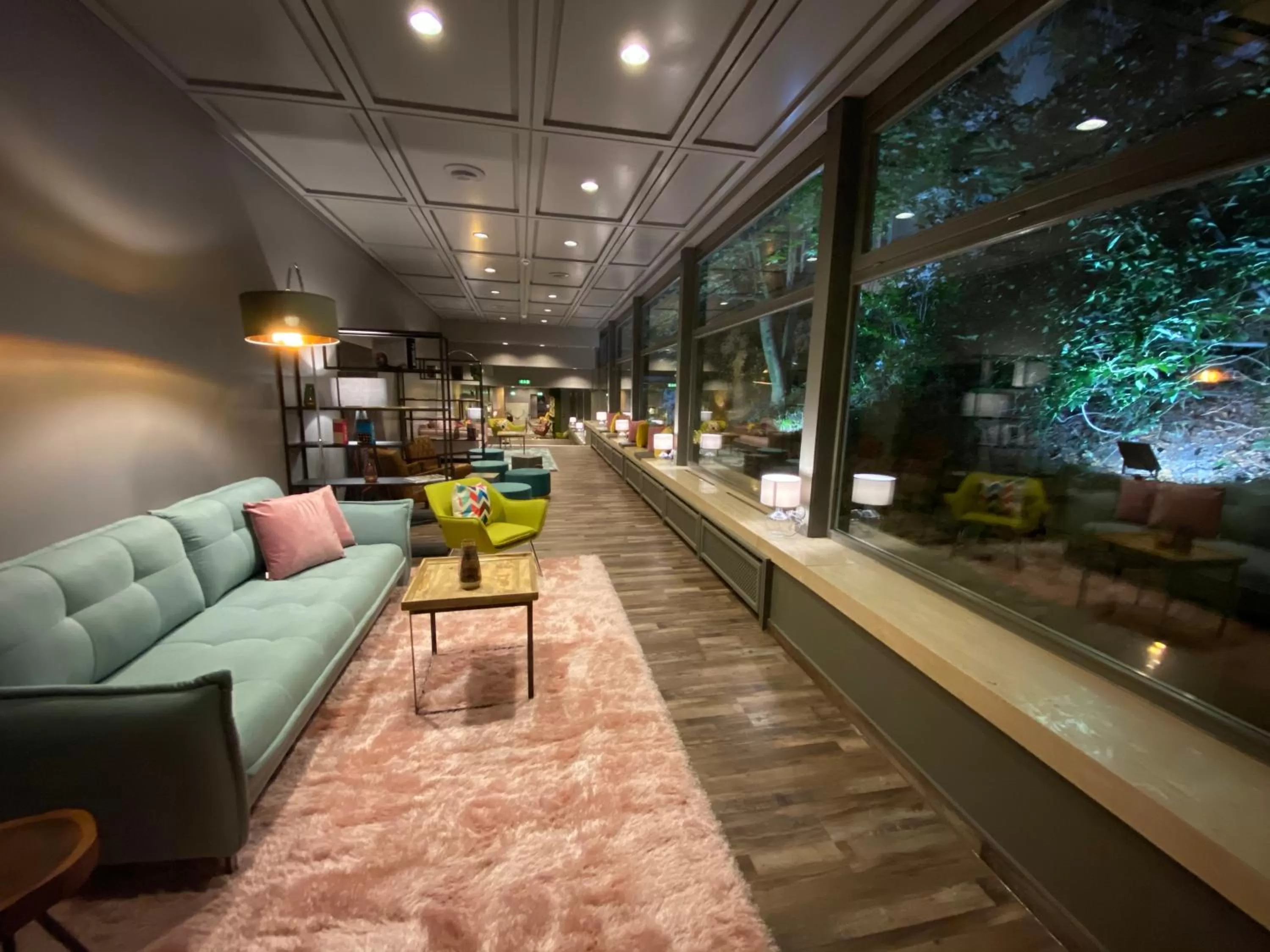 Lobby or reception in Harz Hotel & Spa Seela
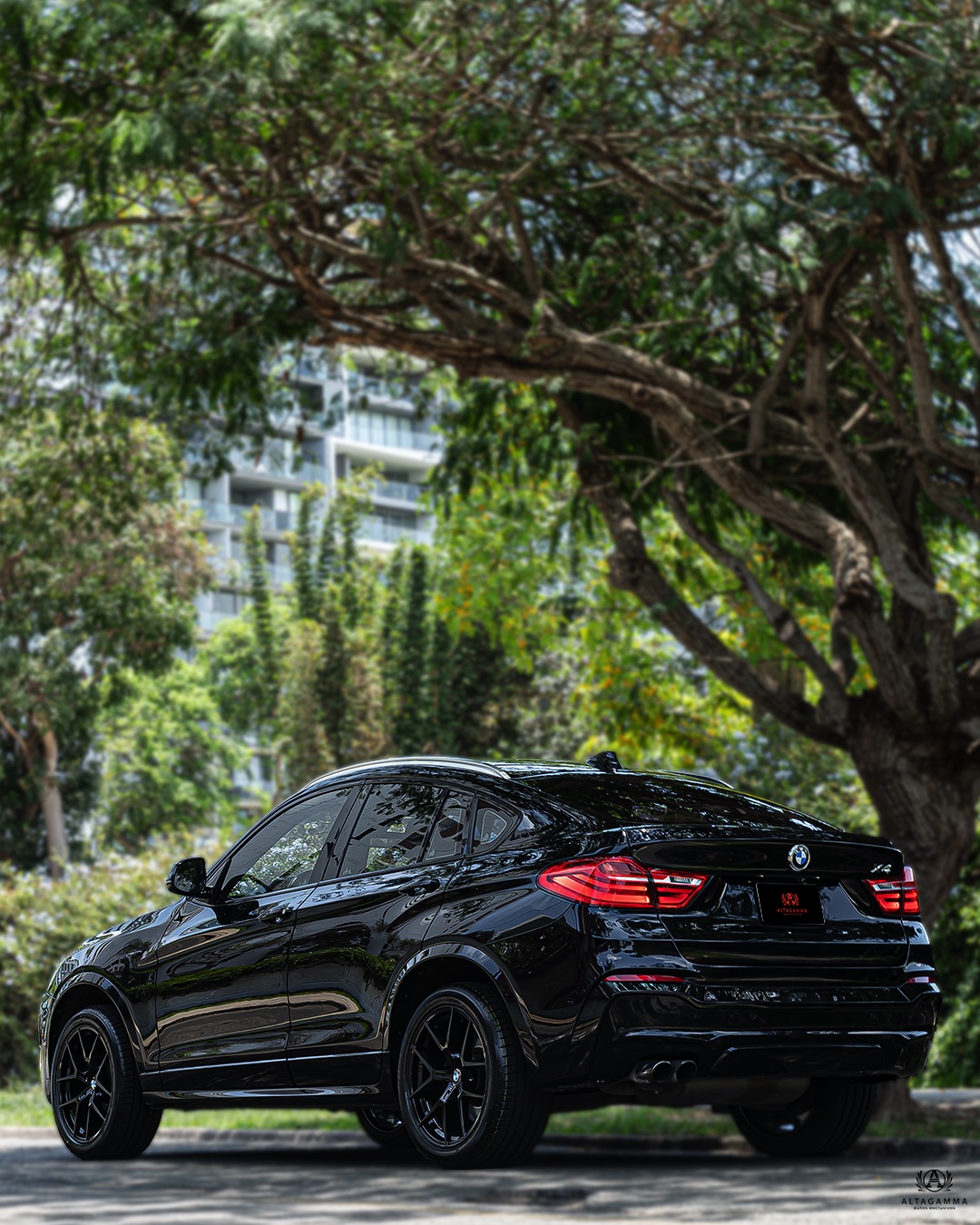 BMW X4 M35I 2015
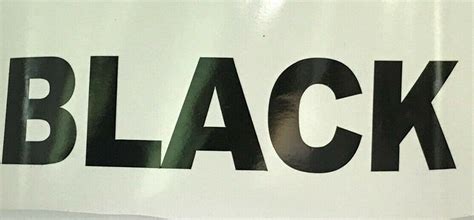 Buy Custom Highly Reflective Vinyl 2.0 Inch Letters/Numbers - 8 colors ...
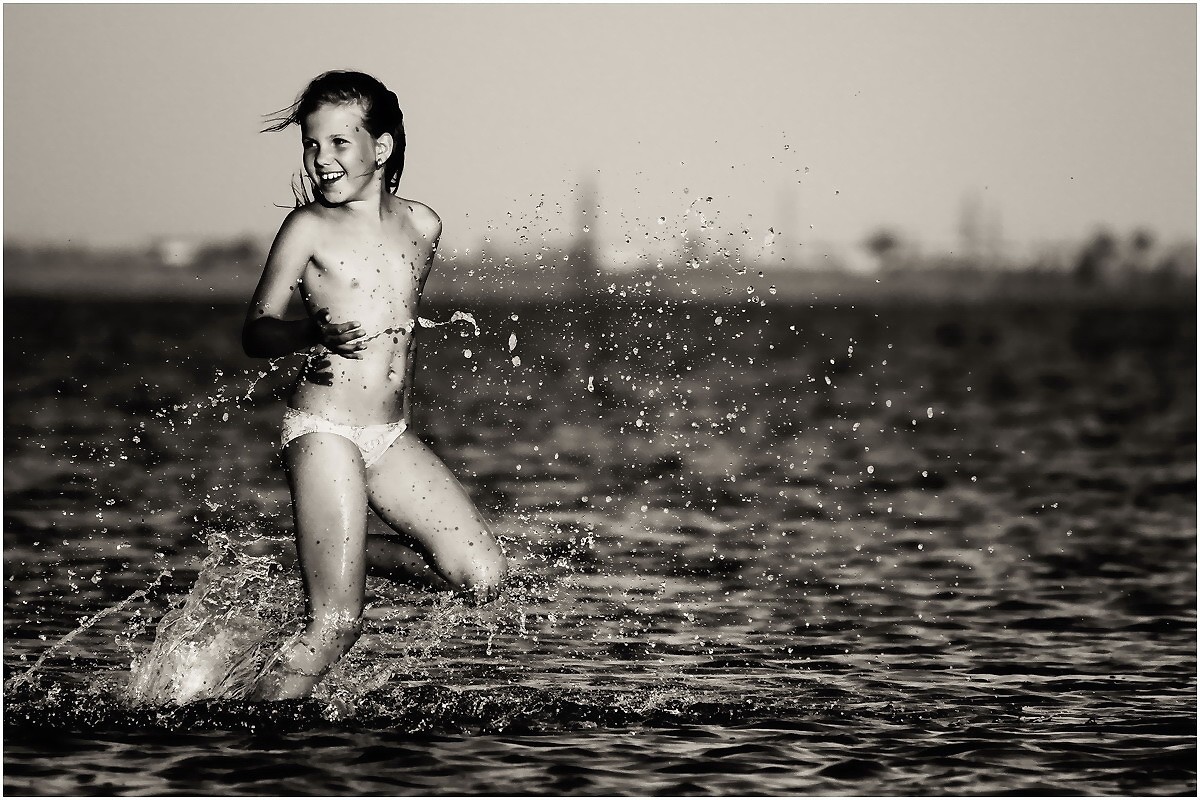 unbeschwerte Kindheit .....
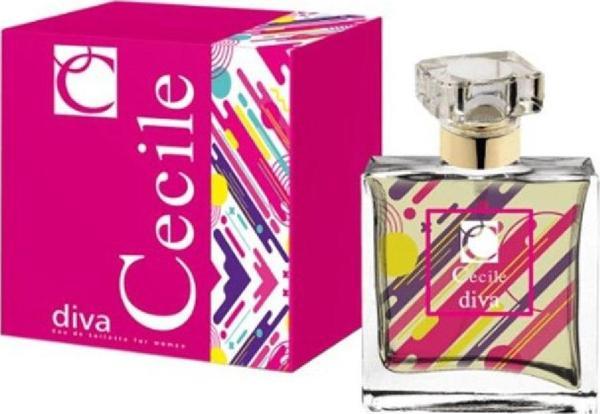 Cecile Diva Bayan Parfüm Edt 55 Ml - Image 1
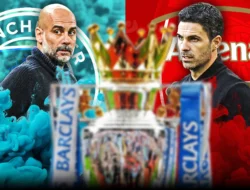 Premier League di Ujung Tanduk: Bagaimana Psywar Guardiola vs Arteta Bisa Membotolkan Arsenal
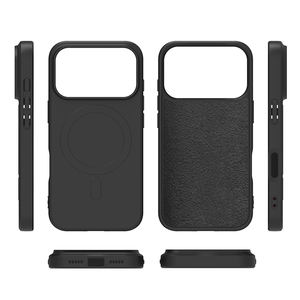 เคสป้องกันโทรศัพท์แบบหรูหราด้านหลังเป็น TPU เคสมือถือสำหรับ iPhone 17 PRO MAX เคสโทรศัพท์มือถือให้ความรู้สึกถึงผิว - Product Image 5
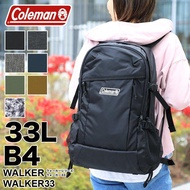 日本 代購 2022年新款 7色 coleman Walker 33 Walker 25 Walker 15 撥水 防水 背包 背囊 電腦袋 PC 平板電腦 IPAD 通勤 通學 行山 露宿 戶外活動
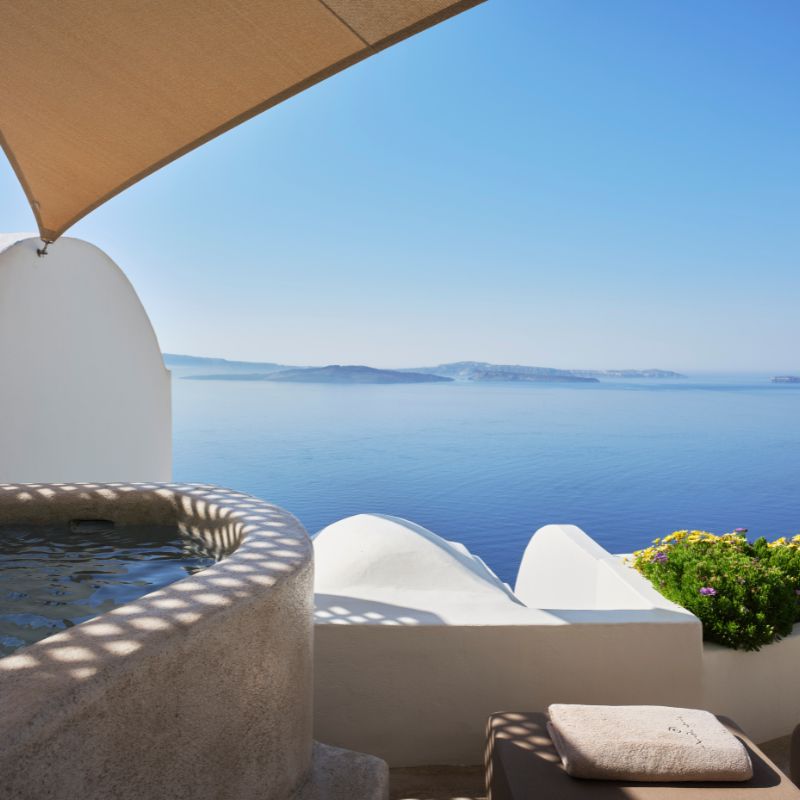 Petite Suite, Hot tub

##########

Problem to solve:
Your answer should consist solely of the lines from the one with "Premier League di" through the last line of the entries, restated word for word, with the pictures omitted.

Answer box:
 Premier League di Ujung Tanduk: Bagaimana Psywar Guardiola vs Arteta Bisa Membotolkan Arsenal
 เคสป้องกันโทรศัพท์แบบหรูหราด้านหลังเป็น TPU เคสมือถือสำหรับ iPhone 17 PRO MAX เคสโทรศัพท์มือถือให้ความรู้สึกถึงผิว - Product Image 5
 日本 代購 2022年新款 7色 coleman Walker 33 Walker 25 Walker 15 撥水 防水 背包 背囊 電腦袋 PC 平板電腦 IPAD 通勤 通學 行山 露宿 戶外活動
 Petite Suite, Hot tub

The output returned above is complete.